Provincial Press Release June 22, 2021 @ 12:13 pm published 12:40 pm
Alberta’s government is taking action to ensure Albertans continue to have access to abundant supplies of clean water while protecting the province’s aquatic species.
The government wants to hear from the public and Indigenous Peoples regarding new surface water quality management frameworks for the North Saskatchewan, Battle and Upper Athabasca rivers. The engagements will look to address pressures on water resources due to population growth and other development. The government is also launching a selenium management review to ensure water quality remains protected now and in the future.
“Alberta has a long history of responsibly managing our water resources to ensure healthy, clean and safe water for our communities, the environment and the economy. We have heard from Albertans regarding their concerns about selenium, particularly the need for the province’s industries to do their part to manage the mineral. Together, the surface water quality management frameworks and selenium management review will help ensure appropriate water quality objectives, monitoring and management responses are in place to maintain the health of our rivers.” Jason Nixon, Minister of Environment and Parks
To help inform the development of surface water quality management frameworks, the government is releasing a recent report into water quality upstream and downstream of active and inactive mining operations in the McLeod River watershed between 2005 and 2016. While the McLeod report shows selenium levels immediately downstream of reclamation activities are decreasing, the findings also demonstrate why Alberta must maintain and improve monitoring and regulatory processes to protect its water.
“Alberta’s aquatic ecosystems, including rivers, lakes and wetlands, are foundational to the well-being of people and wildlife in this province. Implementation of robust, science-based surface water quality management frameworks can help ensure the many ecosystem services they provide are realized over the long term. Ducks Unlimited Canada is pleased to learn of the new frameworks and looks forward to next steps in this important conversation with Albertans and Indigenous Peoples.” Thorsten Hebben, manager, Provincial Operations, Alberta Ducks Unlimited Canada
“All Albertans value water and with this recognition, the province is taking steps to manage water quality through a multi-stakeholder framework approach. As most of Alberta’s industrial activity takes place in rural areas, the RMA supports this as a positive step intended to support continual improvements to protect Alberta’s environmental landscape moving forward. It is by active management and not just monitoring that this valuable resource can be protected.” Paul McLauchlin, president, Rural Municipalities of Alberta
“An efficient, predictable and streamlined regulatory process is a key element in attracting value-add investments to Alberta. A water quality management framework for the North Saskatchewan watershed reinforces Alberta’s Industrial Heartland region as an attractive jurisdiction to do business.” Mark Plamondon, executive director, Alberta Industrial Heartland Association
Water quality management frameworks establish clear regional objectives for water quality. They include thresholds that require a management response when exceeded to ensure our rivers can support water needs for communities, aquatic habitat and a vibrant economy. Similar frameworks are already in place to monitor and manage long-term, cumulative changes in water quality in the lower Athabasca, Bow, South Saskatchewan, Oldman and Milk rivers.

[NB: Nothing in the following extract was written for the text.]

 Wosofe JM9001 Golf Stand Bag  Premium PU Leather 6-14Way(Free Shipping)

The selenium management review will examine current requirements within the regulatory lifecycle of coal projects, with the aim to identify any findings that could pose a threat to water quality. The management review will be led by Environment and Parks, with support from the Alberta Energy Regulator (AER). The review will also examine relevant policy tools used in comparable jurisdictions and how they might be applied in Alberta.
The government is also anticipating the release of the Alberta Water Council’s Water For Life Implementation Plan Review report in the coming days. The report will detail the progress Alberta has made in implementing the Water For Life strategy’s goals to ensure a safe and secure drinking water supply, healthy aquatic ecosystems and reliable, quality water supplies for a sustainable economy.

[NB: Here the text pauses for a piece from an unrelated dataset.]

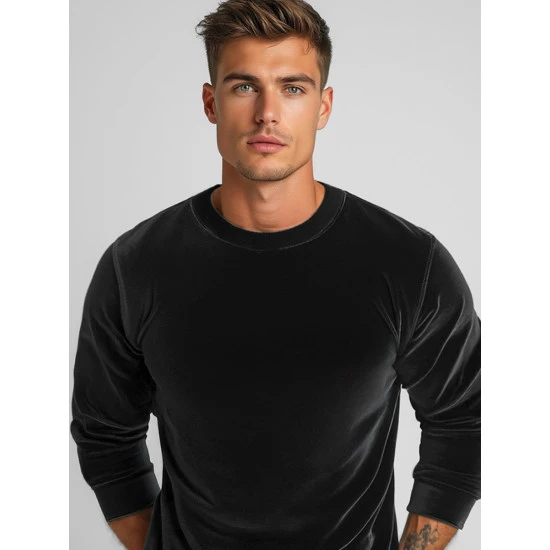 Vyriškas velūrinis  juodos spalvos džemperis Drain JS/8B1166/3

Engagement on the North Saskatchewan Region and upper Athabasca Region water quality management frameworks will run until Sept. 17.
The surface water quality management framework for the North Saskatchewan River builds on the Water Management Framework for the Industrial Heartland and Capital Region, which has been in effect since 2008.

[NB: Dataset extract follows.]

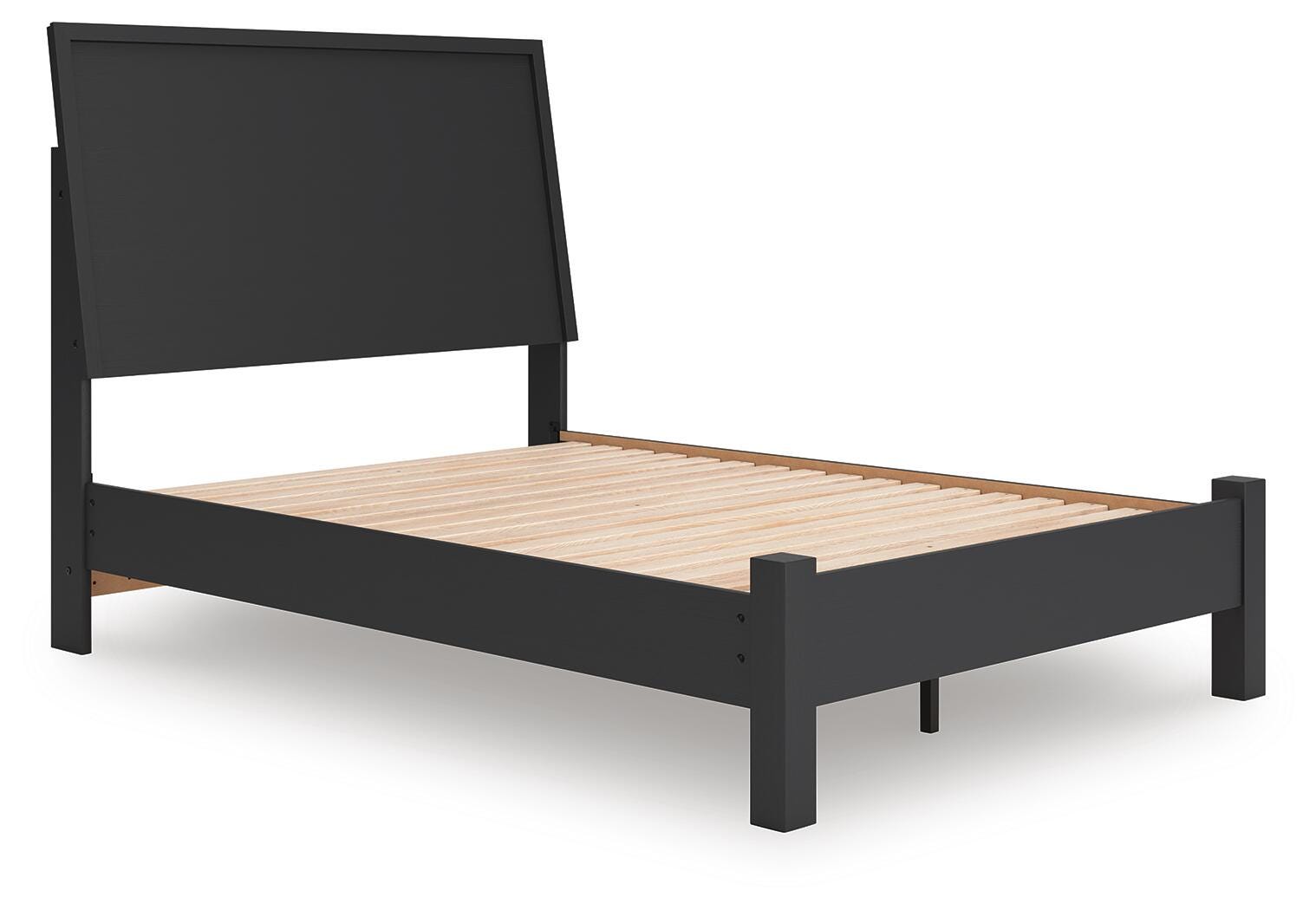 Danziar Black Full Panel Bed angled view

The selenium management review will cover the full regulatory lifecycle of a project from application, construction and operation to decommissioning and reclamation.
The scope of the selenium management review will include:
Environmental Protection and Enhancement Act (EPEA) approval conditions relating to selenium.
Selenium management plans developed by mining operations.
Best management practices in Alberta and comparable jurisdictions.
Compliance or enforcement procedures for the construction, operation and reclamation of mines.
The coal mining sites mentioned in the McLeod report are no longer active. All three mines in the McLeod River watershed are now in either the decommissioning or reclamation phase.
Environment and Parks is now monitoring water quality at 115 provincial sites across Alberta. This network includes the recent addition of a Tributary Monitoring Network in the North Saskatchewan River watershed, operated in partnership with EPCOR, the City of Edmonton and the North Saskatchewan Watershed Alliance.